HSV1&2 IgG
Enzyme ImmunoAssay (ELISA) for the quantitative/qualitative determination of IgG antibodies to Herpes Simplex Virus type 1 and 2 in human plasma and sera.
Herpes Simplex Virus type 1 (HSV1) and type 2 (HSV2) are large complex DNA-containing viruses which have been shown to induce the synthesis of several proteins during infection, possessing an high number of crossreactive determinants and just a few of type-specific sequences.

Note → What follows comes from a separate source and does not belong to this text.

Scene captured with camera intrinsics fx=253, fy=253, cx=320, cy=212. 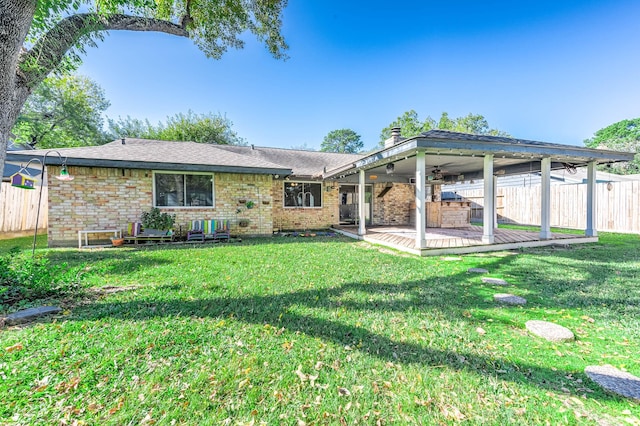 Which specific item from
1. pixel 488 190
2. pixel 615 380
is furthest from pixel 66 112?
pixel 615 380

The majority of primary and recurrent genital herpetic infections are caused by HSV2; while non genital infections, such as common cold sores, are caused primarily by HSV1. The detection of virus specific IgG and IgM antibodies are important in the diagnosis of acute/primary virus infections or reactivations of a latent one, in the absence of evident clinical symptoms.
Asymptomatic infections may happen for HSV in apparently healthy individuals and during pregnancy. Severe herpetic infections may happen in immunocompromised and suppressed patients in which the disease may evolve toward critical pathologies.
The determination of HSV specific antibodies has then become important in the monitoring of “risk” patients and in the follow up of acute and severe infections.
Microplates are coated with native inactivated HSV1 and HSV2. The solid phase is first treated with the diluted sample and IgG to HSV are captured, if present, by the antigens.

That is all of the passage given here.